─── AVAILABLE RECORDS ───

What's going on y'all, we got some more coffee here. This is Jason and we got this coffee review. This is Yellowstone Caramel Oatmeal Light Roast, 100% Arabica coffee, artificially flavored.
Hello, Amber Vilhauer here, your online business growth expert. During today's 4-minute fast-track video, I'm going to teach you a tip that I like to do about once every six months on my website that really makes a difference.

───
─── AVAILABLE RECORDS ───

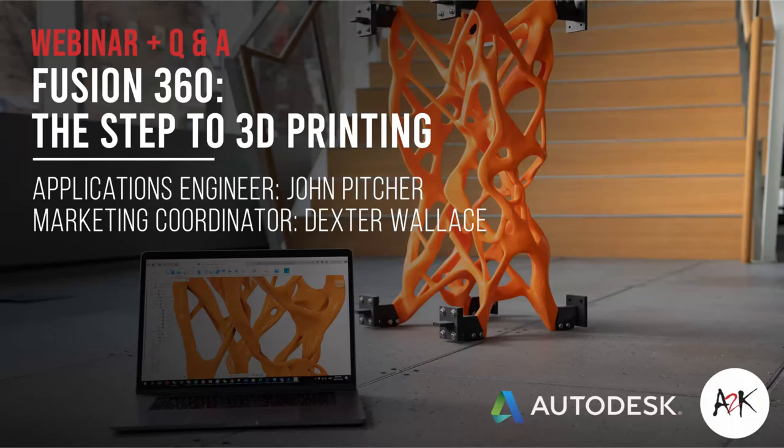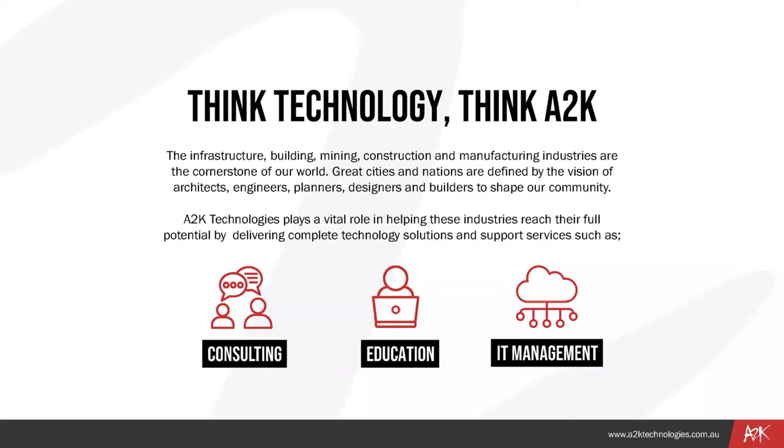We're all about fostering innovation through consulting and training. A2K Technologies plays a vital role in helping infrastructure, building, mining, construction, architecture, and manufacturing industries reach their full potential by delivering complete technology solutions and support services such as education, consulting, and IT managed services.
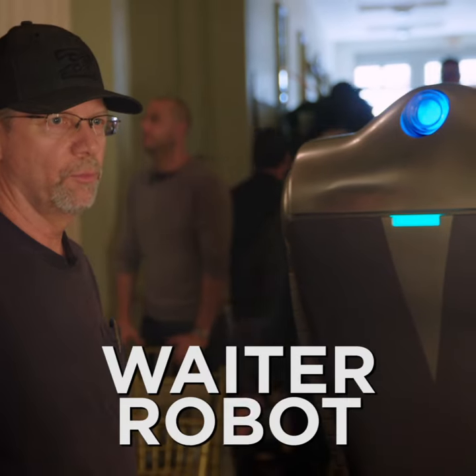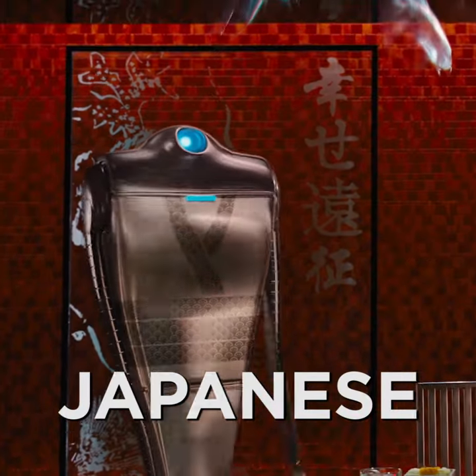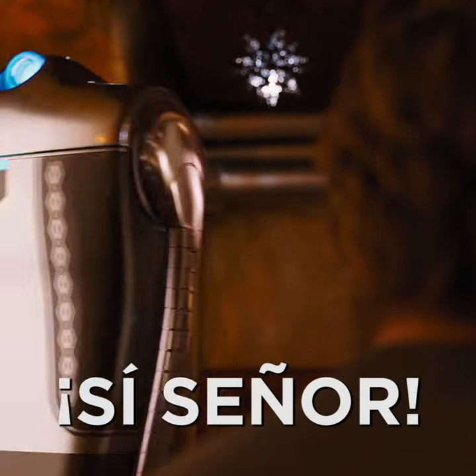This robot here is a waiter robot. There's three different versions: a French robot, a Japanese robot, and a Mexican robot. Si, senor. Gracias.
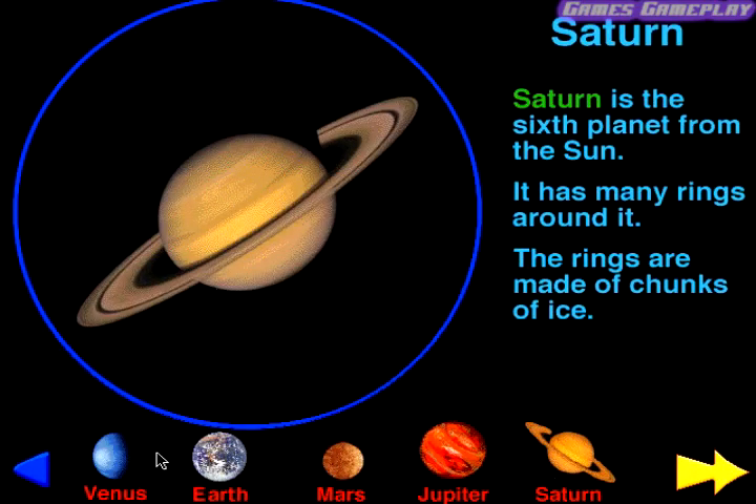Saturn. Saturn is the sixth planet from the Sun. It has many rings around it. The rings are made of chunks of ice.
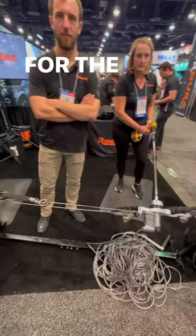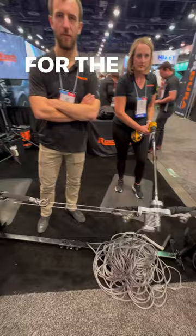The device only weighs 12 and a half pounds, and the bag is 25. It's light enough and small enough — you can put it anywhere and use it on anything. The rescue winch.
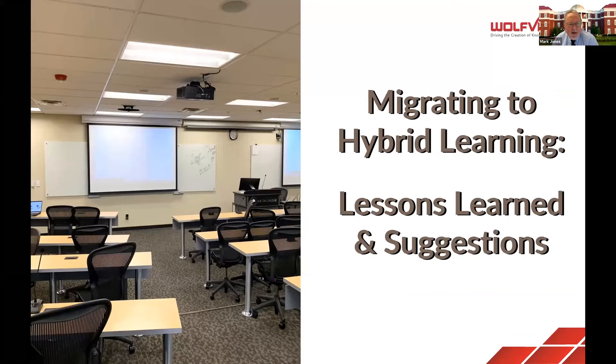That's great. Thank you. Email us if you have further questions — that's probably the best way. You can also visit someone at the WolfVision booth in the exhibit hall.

───

WHAT YOU NEED TO DO: The range runs from the line with "What's going on" up to and including the line with "Hello, Amber Vilhauer" in the listing above; please write out exactly those lines and nothing more.

RESPONSE:
What's going on y'all, we got some more coffee here. This is Jason and we got this coffee review. This is Yellowstone Caramel Oatmeal Light Roast, 100% Arabica coffee, artificially flavored.
Hello, Amber Vilhauer here, your online business growth expert. During today's 4-minute fast-track video, I'm going to teach you a tip that I like to do about once every six months on my website that really makes a difference.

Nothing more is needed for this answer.